The reading from the Book of Wisdom today lets us hear the thoughts of the wicked. They devise ways to attack and persecute the just person for opposing them and bringing to light their wickedness; so, they torture and condemn the just to see if God will protect them. “Let us beset the just one, because he is obnoxious to us; he sets himself against our doings, reproaches us for transgressions of the law and charges us with violations of our training. Let us see whether his words be true; let us find out what will happen to him.” The just one is a cause for their own insecurity and fear and they resent him as an adversary.

That the just are protected and blessed by God is a central belief of the Jewish people, but Jesus seems not to align with that since He is the truly just person who is delivered into the hands of the wicked and put to death.

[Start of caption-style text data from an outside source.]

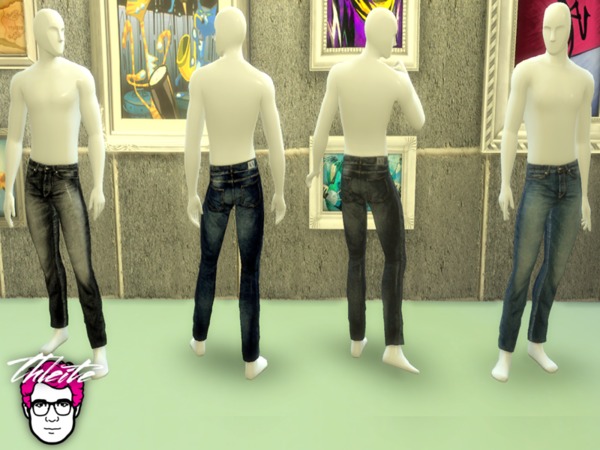 Sims 4 Skinny Jeans for males by thlleite at TSR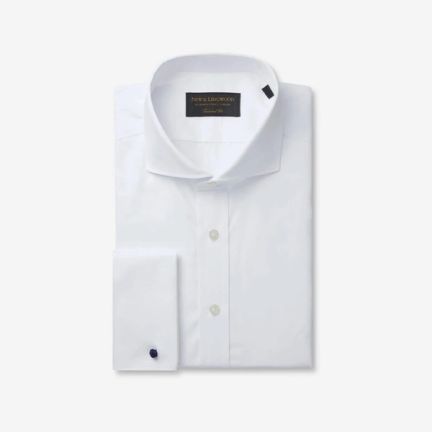 New & Lingwood White Poplin Shirt
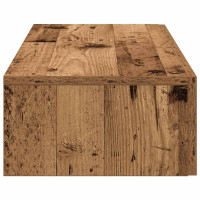 Produktbild för Vägghylla med lådor åldrat trä 80x33x17 cm konstruerat trä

The Gospel reading for today is the second time that Jesus predicts this will happen to Him as recorded in the Gospel of Saint Mark. The disciples who believe that Jesus is the Messiah cannot understand how God will let this happen to Him.

Their lack of understanding is illustrated in what they are discussing. They are arguing about who is most important among them. At least they know enough to be embarrassed when Jesus asks about their conversation. It is a natural human tendency to want to be seen and recognized, to be praised and honored, but things don’t work in the normal way for Jesus’ followers. In a kind and gentle way, Jesus calls attention to their misunderstanding.

Jesus reminds them that greatness in His Kingdom is the opposite of greatness in the world. Being great means being the servant of the needs of others whom we should regard as more important than ourselves. This teaching on the true nature of greatness follows upon Jesus’ second prediction of His passion and death. Then to emphasize that lesson, He calls a child to join them. In the ancient world, children were treated as possessions, and they possessed no rights except those that were granted them by having status in their father’s household. Since they were not fully mature, they were considered not fully human, the lowest level of the human community. They are examples of the lowliest and least, the needy and rejected whom we must serve to be great in Jesus’ Kingdom.

It is not coincidental that in our post-Christian culture, children have returned to a status of belonging only as property or possessions that are prized only on the contingency of their mother’s choice to give birth and their father’s choice to be involved in their lives. It is essential to our Christian life and discipleship to recognize the unique status of children in Jesus’ Kingdom and our responsibility to treat them accordingly by our own words and actions and by ensuring their right to life and protection from predation.

Serving others, especially the vulnerable and weak, is the key to authentic greatness for our status in the Kingdom of Jesus. Saint James in our second reading identifies that what keeps us from greatness in the Kingdom is our own selfishness and fear, “You covet but do not possess. You kill and envy, but you cannot obtain; you fight and wage war. You do not possess because you do not ask. You ask but do not receive, because you ask wrongly, to spend it on your passions.” In many ways our fear and our refusal to ask for God’s grace to be taught and to do things God’s way are our occasions to sin. Therefore, a child is the example of docility that Christ sets before us for discipleship and the example of Him whom we serve.

Letting go of fear and of ambition for possessions, power and recognition, and desires that feed our self-importance is our first step toward a place in Christ’s Kingdom. True greatness is given when we recognize that our lives have never been our own but belong to Christ present in the vulnerable who need us. When we let go of these fears and ambitions, we can pray with the authentically great and just the words of today’s responsorial psalm, “The Lord upholds my life.”